Your copy starts at the line containing "Chanel WOC Fortune Bag 19 in Black Lambskin" and ends at the last line of the material below. Reproduce those lines exactly, with no pictures.

* _Given information_:
┄┄┄┄┄┄┄┄┄┄

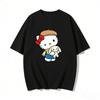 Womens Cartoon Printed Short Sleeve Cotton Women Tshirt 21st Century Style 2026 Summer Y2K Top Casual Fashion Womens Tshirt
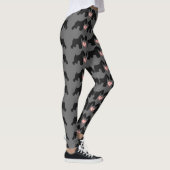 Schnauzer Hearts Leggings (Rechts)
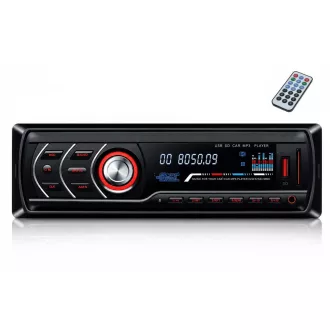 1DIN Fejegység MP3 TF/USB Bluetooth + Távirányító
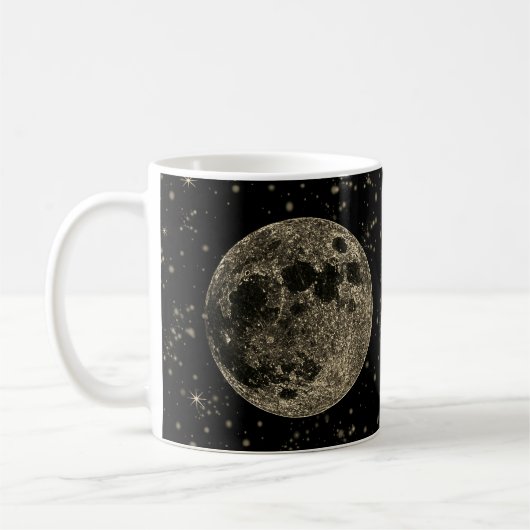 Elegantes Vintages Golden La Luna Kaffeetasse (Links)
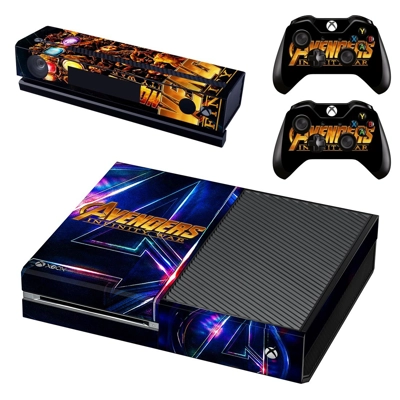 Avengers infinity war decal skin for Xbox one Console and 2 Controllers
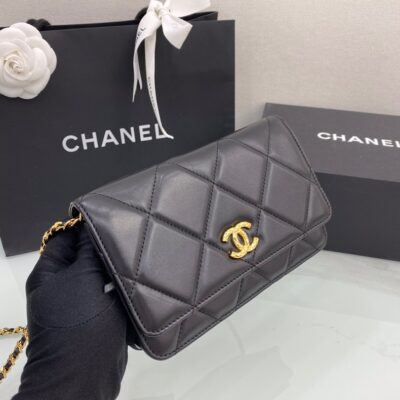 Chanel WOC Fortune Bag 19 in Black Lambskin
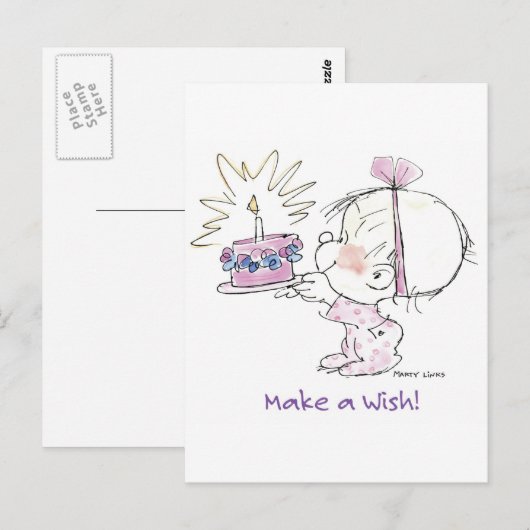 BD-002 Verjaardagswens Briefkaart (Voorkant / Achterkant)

┄┄┄┄┄┄┄┄┄┄

* _Response for this exercise_:
 Chanel WOC Fortune Bag 19 in Black Lambskin
 BD-002 Verjaardagswens Briefkaart (Voorkant / Achterkant)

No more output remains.